VGFL-SA: Vertical Graph Federated Learning Structure Attack Based on Contrastive Learning
Yang Chen, Bin Zhou
TL;DR
This paper addresses the vulnerability of Vertical Graph Federated Learning (VGFL) when many nodes remain unlabeled, by proposing VGFL-SA, an unsupervised attack that perturbs local graph structures before VGFL training. It leverages graph contrastive learning to create two views, computes adjacency-gradient via a shared encoder, and flips the edge with the largest gradient under a budget to degrade downstream node classification. VGFL-SA demonstrates strong attack effectiveness and transferability across multiple GNN backbones and datasets, outperforming several unsupervised baselines and rivaling some semi-supervised attacks in certain metrics. The work highlights practical security risks in VGFL deployments and motivates future defenses and cross-domain attack-extension research.
Abstract
Graph Neural Networks (GNNs) have gained attention for their ability to learn representations from graph data.

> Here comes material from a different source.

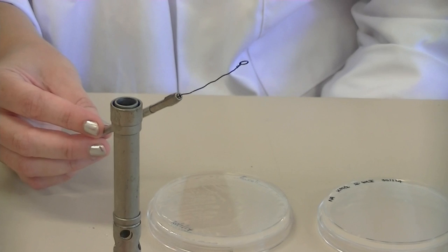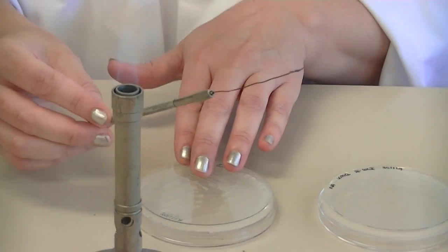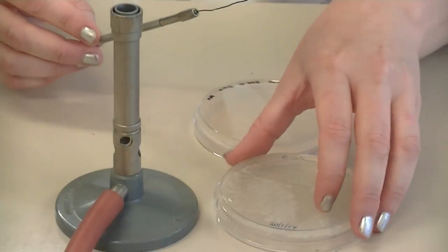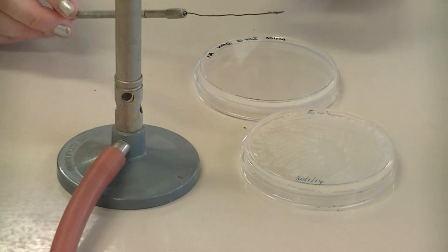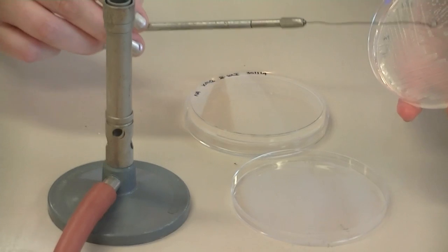The loop needs to be cool because if it's very hot, it can actually kill the bacteria or yeast that you put onto your loop. In this example, I have some E. coli on a solid medium, so now my loop is sterile and cool enough — I'll just check by touching it to the surface of the plate.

Due to privacy concerns and conflicts of interest that prevent clients from directly sharing graph data with one another, Vertical Graph Federated Learning (VGFL) frameworks have been developed. Recent studies have shown that VGFL is vulnerable to adversarial attacks that degrade performance. However, it is a common problem that client nodes are often unlabeled in the realm of VGFL. Consequently, the existing attacks, which rely on the availability of labeling information to obtain gradients, are inherently constrained in their applicability. This limitation precludes their deployment in practical, real-world environments. To address the above problems, we propose a novel graph adversarial attack against VGFL, referred to as VGFL-SA, to degrade the performance of VGFL by modifying the local clients structure without using labels. Specifically, VGFL-SA uses a contrastive learning method to complete the attack before the local clients are trained. VGFL-SA first accesses the graph structure and node feature information of the poisoned clients, and generates the contrastive views by node-degree-based edge augmentation and feature shuffling augmentation. Then, VGFL-SA uses the shared graph encoder to get the embedding of each view, and the gradients of the adjacency matrices are obtained by the contrastive function. Finally, perturbed edges are generated using gradient modification rules. We validated the performance of VGFL-SA by performing a node classification task on real-world datasets, and the results show that VGFL-SA achieves good attack effectiveness and transferability.